- Born: 1838 Mendki, Mauranipur, Jhansi district, Uttar Pradesh, India
- Died: 1909 (aged 70–71)
- Other names: Isuri Babba, Hartal Isuri, Isuri Prasad
- Occupation: Bundeli poet
- Notable work: Over a thousand Phaag (folk songs), Chaukaria Phag
- Parent: Bholanath Arjariya (father)

= Isuri =

Isuri (1838—1909) is a Bundeli poet from Bundelkhand region. He is credited with having composed over a thousand Phaag, a form of folk songs.

The poetic works of Isuri have gained widespread acclaim among the people of the Bundelkhand region. His four-lined compositions, known as Chaukaria Phag, have become integral to the local folk musical tradition of the Bundelkhand region and Madhya Pradesh.

== Life ==

Isuri was born in the village of Mendki in the present-day Mauranipur tehsil of Jhansi district in the state of Uttar Pradesh. He was popularly known as Isuri Babba. His full name was Hartal Isuri or Isuri Prasad.
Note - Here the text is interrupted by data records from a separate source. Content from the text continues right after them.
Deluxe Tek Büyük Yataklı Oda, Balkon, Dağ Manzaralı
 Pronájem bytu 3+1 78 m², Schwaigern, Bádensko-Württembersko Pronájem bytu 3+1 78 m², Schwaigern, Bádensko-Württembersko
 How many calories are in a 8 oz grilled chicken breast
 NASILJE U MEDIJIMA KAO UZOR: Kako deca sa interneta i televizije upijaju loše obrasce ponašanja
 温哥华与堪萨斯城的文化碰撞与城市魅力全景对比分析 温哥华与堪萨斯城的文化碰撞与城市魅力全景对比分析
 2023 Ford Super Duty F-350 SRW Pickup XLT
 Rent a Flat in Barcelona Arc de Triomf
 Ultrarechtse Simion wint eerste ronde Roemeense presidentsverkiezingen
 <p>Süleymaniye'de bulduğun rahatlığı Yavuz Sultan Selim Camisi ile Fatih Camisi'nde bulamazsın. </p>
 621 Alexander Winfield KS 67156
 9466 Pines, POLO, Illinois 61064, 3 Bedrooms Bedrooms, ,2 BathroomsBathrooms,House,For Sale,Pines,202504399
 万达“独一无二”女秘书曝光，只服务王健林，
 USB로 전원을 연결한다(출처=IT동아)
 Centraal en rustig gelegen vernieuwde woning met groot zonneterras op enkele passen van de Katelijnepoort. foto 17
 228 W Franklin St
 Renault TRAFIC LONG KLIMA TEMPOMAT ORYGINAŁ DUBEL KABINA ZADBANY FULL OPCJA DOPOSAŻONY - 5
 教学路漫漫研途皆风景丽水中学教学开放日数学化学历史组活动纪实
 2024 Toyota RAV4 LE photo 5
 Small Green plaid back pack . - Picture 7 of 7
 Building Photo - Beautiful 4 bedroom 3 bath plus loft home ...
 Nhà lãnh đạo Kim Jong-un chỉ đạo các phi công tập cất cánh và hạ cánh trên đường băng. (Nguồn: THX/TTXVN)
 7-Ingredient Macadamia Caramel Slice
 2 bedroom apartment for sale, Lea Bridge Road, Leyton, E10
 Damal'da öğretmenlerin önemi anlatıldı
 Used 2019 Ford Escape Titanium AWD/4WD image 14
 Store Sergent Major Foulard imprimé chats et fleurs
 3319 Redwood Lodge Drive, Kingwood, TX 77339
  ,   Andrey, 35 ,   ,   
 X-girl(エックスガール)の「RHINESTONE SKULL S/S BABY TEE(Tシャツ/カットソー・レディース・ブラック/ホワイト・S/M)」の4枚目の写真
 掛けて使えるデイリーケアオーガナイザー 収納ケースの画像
He was a contemporary of Pandit Gangadhar Vyas during the Bharatendu era.

Isuri's father was named Bholanath Arjariya. After losing his parents in childhood, he was raised in his maternal grandmother's house. His ancestors originated from the Orchha State and later settled in Mendki village. The house where Isuri lived still stands in Mendki village of Mauranipur tehsil.

He chose to write about the ongoing situation, creating awareness among the people of Bundelkhand against British rule. His romantic poetry was inspired by a girl named Rajjo or Rajau. Isuri also wrote about the culture and traditions of Bundelkhand. His works are recognized for their authentic representation of rural culture and beauty.

Numerous books featuring collections of Isuri's poetry and phaag have been published by various government and literary organizations, including Sahitya Akademi, Bundelkhand Sahitya Akademi, Adivasi Lok Kala Academy, and Madhya Pradesh Sanskrit Parishad.

== Legend ==
In 2013, the Madhya Pradesh School of Drama (MPSD) students performed the play Hansa Ud Chal Des, depicting the life of Isuri, at the Ravindra Bhavan Auditorium, Bhopal. A research institute, Isuri Shodh Sansthan, was established in his village Mendki, but due to government neglect, it has since been closed.

Under the Madhya Pradesh government, the Madhya Pradesh Sahitya Academy has established the Isuri Puraskar, an annual literary award recognizing writers or poets for their noteworthy contributions to Bundeli folk poetry and literature.